What you have to do -
Please give the lines below again exactly as they stand, from the one that contains "Banner showing daily" up to and including the one that contains "NHPC Recruitment 118 Traine posts", leaving all pictures out.

Record set -

<<<<

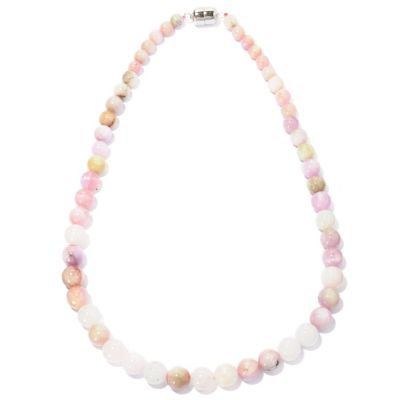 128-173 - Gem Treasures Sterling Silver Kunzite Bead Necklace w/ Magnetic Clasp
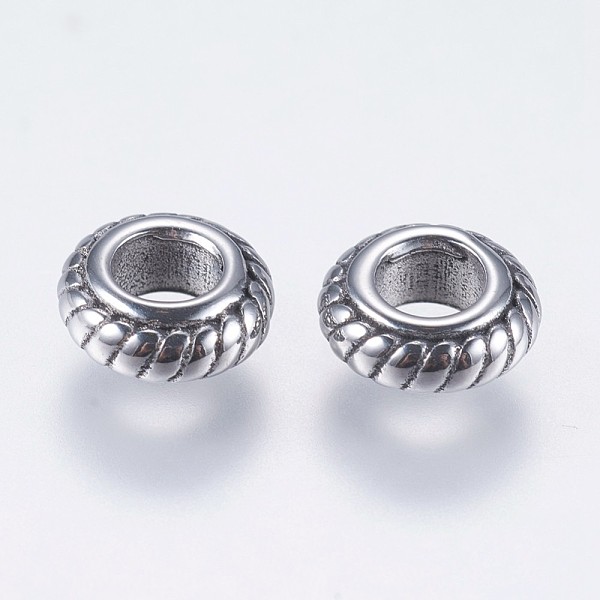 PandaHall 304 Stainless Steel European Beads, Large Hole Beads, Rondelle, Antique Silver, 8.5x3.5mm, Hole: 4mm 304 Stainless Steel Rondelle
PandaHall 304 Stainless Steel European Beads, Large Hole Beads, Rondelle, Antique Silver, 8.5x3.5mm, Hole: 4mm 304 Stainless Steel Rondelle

>>>>
<<<<

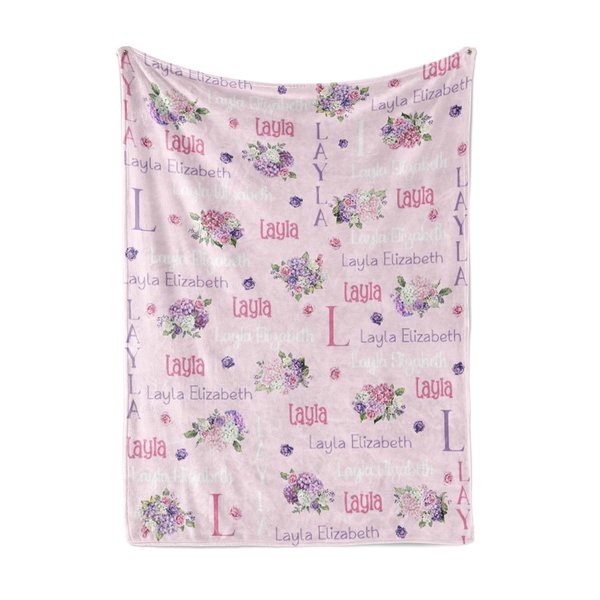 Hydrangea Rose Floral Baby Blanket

>>>>
<<<<

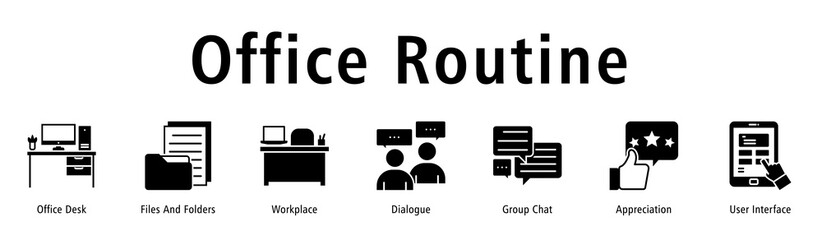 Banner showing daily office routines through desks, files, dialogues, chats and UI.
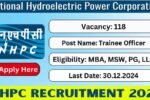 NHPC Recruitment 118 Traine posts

>>>>

Output of the task -
 Banner showing daily office routines through desks, files, dialogues, chats and UI.
 NHPC Recruitment 118 Traine posts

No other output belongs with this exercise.